Semolina PilchardSemolina Pilchard Posts: 768
edited 8:57AM in EggHead Forum
I have a Metal Fusion brand turkey fryer that I am using as a burner for my wok. It is one of those lightweight types you can buy anywhere. I am running it off of a propane tank. I have a natural gas tap on my patio that I would like to use, but was told by someone who should know that the pressure will be too low to use with this type of turkey fryer. Any thoughts?


  • Celtic WolfCeltic Wolf Posts: 9,773
    Listen to them!!
  • FlaPoolmanFlaPoolman Posts: 11,670
    You would need to change the regulator. Usually your gas company will change it at no charge to get you to natural. Really easy swap but I wouldn't do it without a manometer to measure water column inches.
  • Celtic WolfCeltic Wolf Posts: 9,773
    They'll do it on appliances. I doubt they will on a turkey fryer..

    Best to leave it as it is.
  • Manometer,

    Y'all just keep yer little toys in your tickle box. Now hold my beer and watch this.



    Caledon, ON


  • FlaPoolmanFlaPoolman Posts: 11,670
    :woohoo: :woohoo: :woohoo: :evil: :whistle: :whistle: :whistle:
  • here's what i did (your mileage may vary)

    there is an orifice in the burner. as others have said, the pressure in an LP tank is higher than in your home natural gas system. because of this, the orifice for use with natural gas must be larger than with LP.

    you need to drill out the orifice.

    hook up your burner to LP, open the valve all the way, and note the intensity of the flame.

    then disconnect, and drill out the orifice one drill size larger than it is now. hook up to your natural gas line and see if the flame intensity is the same as with your LP tank. continue to drill out the orifice with increasingly larger drills until the intensity of the flame is the same as with LP.
  • FlaPoolmanFlaPoolman Posts: 11,670
    If you can't measure water column inches your asking for trouble by drilling.
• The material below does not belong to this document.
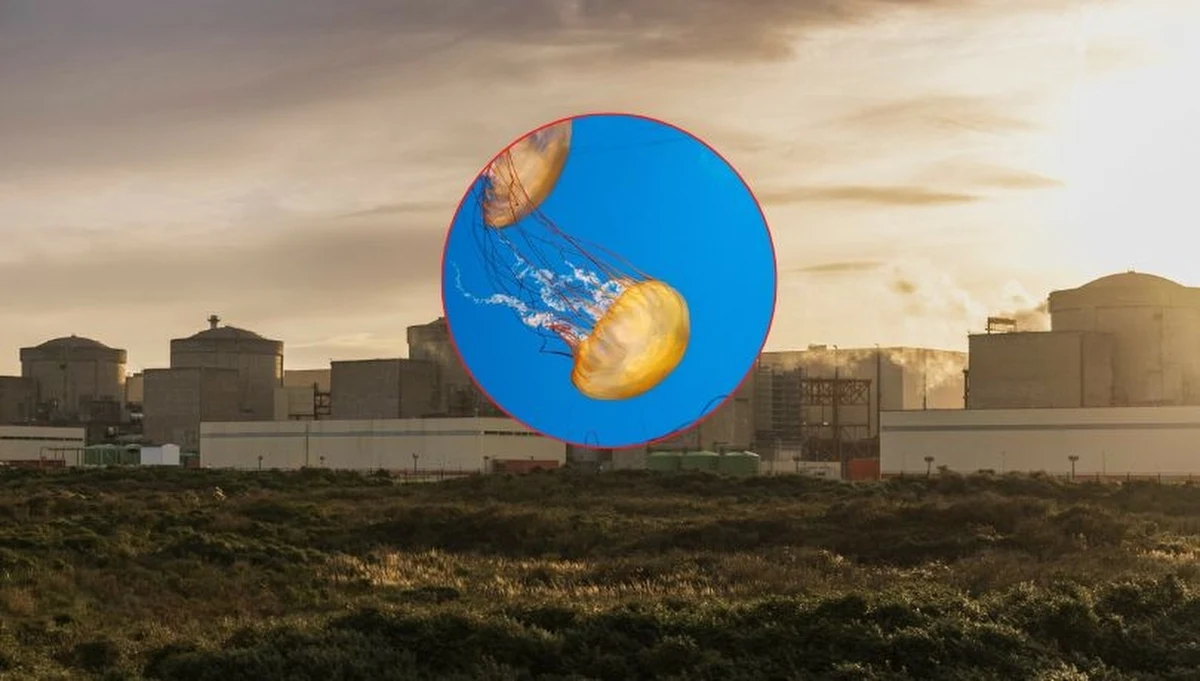 Cztery reaktory jednej z największych elektrowni jądrowych we Francji zostały wyłączone po tym, jak meduzy zablokowały systemy chłodzenia. Incydent jest odbierany jako kolejny sygnał, że zmiany klimatyczne wpływają na funkcjonowanie kluczowej infrastruktury, w tym energetycznej.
A regulator and new orifice (if required) cost less than $10. Don't take chances with gas or electricity, thats what meters are for.
  • What is this "gas" of which you speak? :laugh:

    Seriously, you need a new regulator. Stove burners for indoor ranges are sold for propane or natural. Try talking to the guys that sell gas grills at the pool store.

    You're playing with fire here, if you'll pardon the pun. It's a false economy to put yourself and your cookmates at risk in order to save the cost of refilling propane tanks or buying the right equipment for natural gas, when it only costs a couple bucks to do it right. That's the kind of reasoning that wins Darwin awards.
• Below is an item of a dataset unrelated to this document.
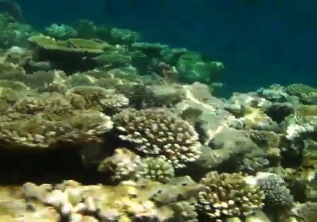 モルディブ'09エリヤドゥ：ハウスリーフの珊瑚礁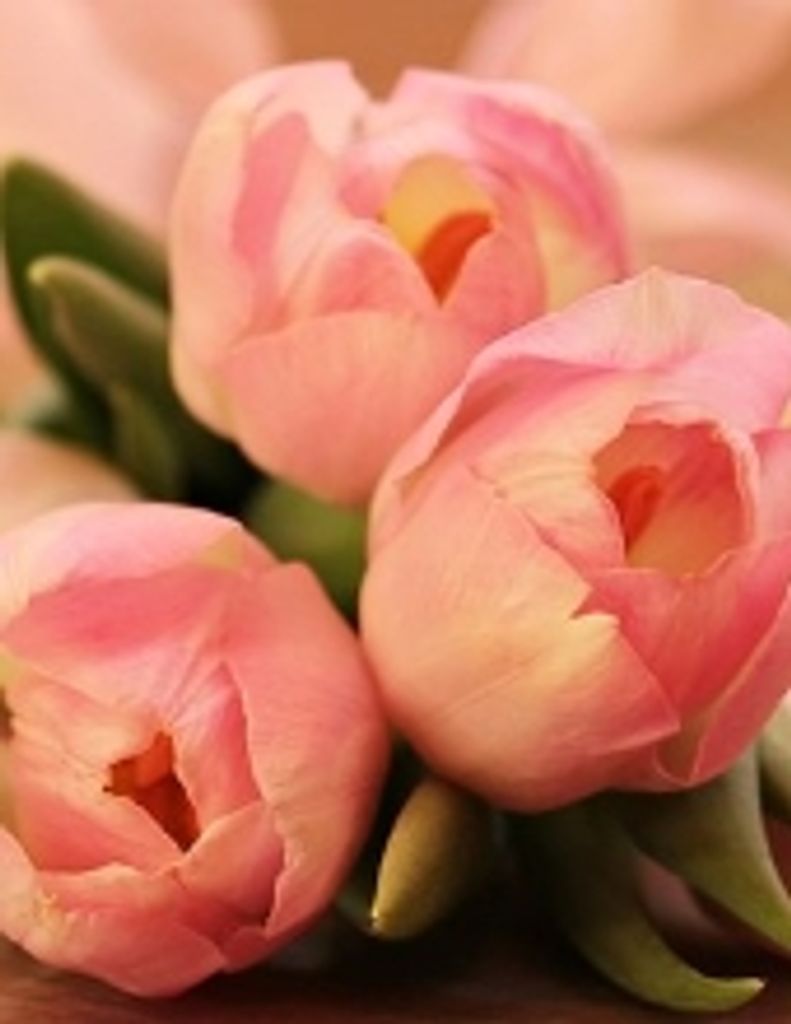 Bonnie Lorraine Bellgraph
    You were planning on staying the gene pool, right?
  • DryFlyDryFly Posts: 351
    Maybe an urban legend, but someone told me that propane burns hotter than natural gas. Is that true?
  • Celtic WolfCeltic Wolf Posts: 9,773
    Two and a half times hotter per equal volume to be somewhat exact.

    Which is why you need the bigger orifice in the nozzle.